Subscribe to the magazine for free!

Email this page to a friend:


Advertising Information

Phoenix Dance Theatre

Reflected: 'Switch', 'What It Is', 'Pave Up Paradise', 'Maybe yes maybe, maybe no maybe'

by David Mead

March 18, 2011 -- Pegasus Theatre, Oxford, UK

Leeds-based Phoenix Dance Theatre is on something of a roll. Not only is the company presently
celebrating its 30th birthday, but last autumn it moved into plush new purpose-built premises shared
with Northern Ballet. If the company’s latest vibrant programme, “Reflected”, is anything to go by,
that move is already reaping rewards.

Most impressive of the four works on show was Ballett Basel Artistic Director Richard Wherlock’s
compelling programme opener “Switch”. Wherlock apparently began by putting on a few CDs of
minimal house music by Basel-musician B Free, and seeing what the dancers could do.
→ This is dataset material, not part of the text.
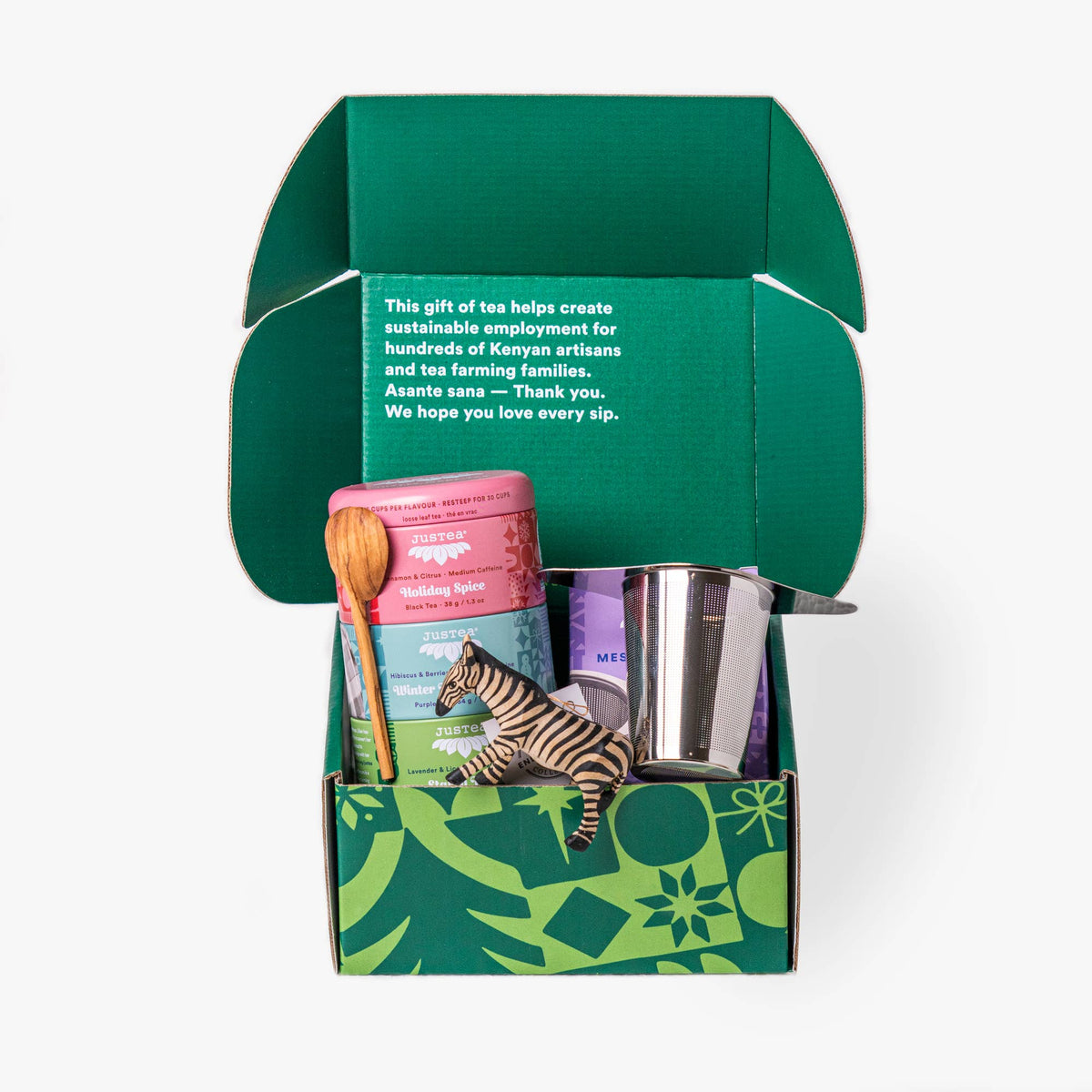 JusTea - Holiday Gift Box - Tea Tin, Zebra Ornament, Spoon, Infuser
The result
is an enthralling series of intricate duets and trios that are not only packed with impressive contact
work, but that also show their equally impressive dance technique to the full.

While the choreography is often fast and athletic, there are more sensual moments during which
the dancers often twist and curl around each other, their limbs stretching out into the space before
folding back like hyper-mobiles insect. All the dancers excelled, even the quickest of extensions.
Everything was clear and pin-sharp. Particularly impressive were the beautifully animalistic
Azzurra Ardovini and Josh Wille. Indeed, Ardovini was outstanding all evening. She is one of those
lucky dancers who has that special something that just compels you to watch her, and she has the
technique to back it up. Special mention too for Michael Mannion’s stunning lighting and Lorna
Clayton’s simple yet hugely effective costumes that saw each dancer dressed in a different bright

Running “Switch” a close second was “Pave Up Paradise”. Originally created by the Lost Dog
duo Ben Duke and Raquel Meseguer, and danced by themselves, this comic take on sin and
sexuality that mixes spoken word and dance is fast becoming an audience favourite. The duet is
set just outside the Garden of Eden, from which Adam and Eve (Wille and Ardovini outstanding
again) have just been ejected. Initially Wille tells the audience “It’s all her fault really.” After
their arguing is illustrated by more impressive contact work, Wille also reminds us that God also
told him, “Don’t get distracted by the naked woman.” Of course, before you know the clothes
are coming off as he chases after Ardovini’s body. A few moments later he’s on all fours, almost
pitifully declaring that “It’s definitely my fault.”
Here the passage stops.